> **Required work**
Would you return the data below exactly as it stands, with every picture left out?

[[ Available data open ]]

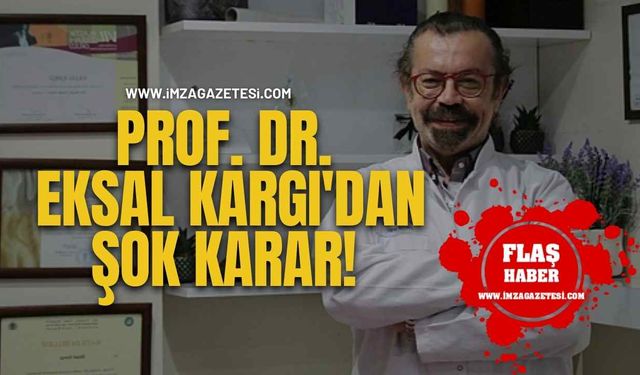 Prof. Dr. Eksal Kargı'dan Şok Karar!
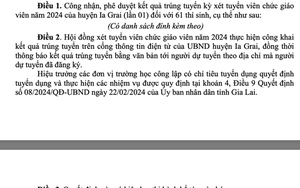 Đã có yêu cầu tạm dừng, một huyện ở Gia Lai vẫn bất chấp tuyển dụng 61 viên chức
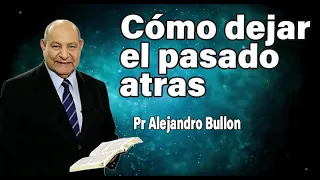 ¿Cómo dejar el pasado atrás? - Pr Alejandro Bullon | sermones adventistas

[[ Available data closed ]]

> **Output**
 Prof. Dr. Eksal Kargı'dan Şok Karar!
 Đã có yêu cầu tạm dừng, một huyện ở Gia Lai vẫn bất chấp tuyển dụng 61 viên chức
 ¿Cómo dejar el pasado atrás? - Pr Alejandro Bullon | sermones adventistas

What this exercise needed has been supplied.